01:32:30 In a moment that makes Strange look like a complete jerk, he screws up a park performer’s magic trick and grins about it. That’s not funny, man! This poor slob was just trying to earn a living! This guy doesn’t visit Strange at his work and screw up his filing cabinets, so why would Strange show off like this and ruin a guy’s job?
01:33:30 It’s over! They had a nice sketch of Doctor Strange behind the credits but, with no post-credits extra scene, it’s all done!
So what was the problem with 1978’s Doctor Strange? Aside, that is, from changing the entire origin of him and giving him a lousy costume just minutes from the end? The real issue here is that this film is just boring. It isn’t scary, it isn’t fascinating, and the characters all seem to be lacking any emotions whatsoever. With no sense of menace in this film, the hero doesn’t look particularly heroic – or even interesting. There’s too much talk and not enough of anything else. Because of this, the story moves so slowly it doesn’t seem to go anywhere.

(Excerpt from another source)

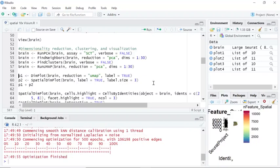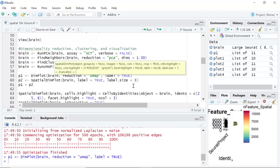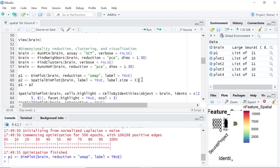Now we can visualize the clusters by the DimPlot function. We also developed a method called SpatialDimPlot to visualize the position of each spot on the image.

Oh, and the soundtrack was awful. Worse, every scene in the hospital tries to reinforce the idea that it’s a hospital by having a nurse making announcements on the PA system. One or two would have been fine, but instead, it seems to happen every five seconds. That probably explains why the PA announcer is listed in the credits so prominently.
There isn’t much to recommend here. It’s hard to watch. That being said, the concept of Morgan’s plan to brainwash people and turn them into evil minions with a self-help system is pure genius, and it’s a shame it wasn’t the main plot. Wong was good but underused, and they did introduce Clea. But in every way the animated film is superior.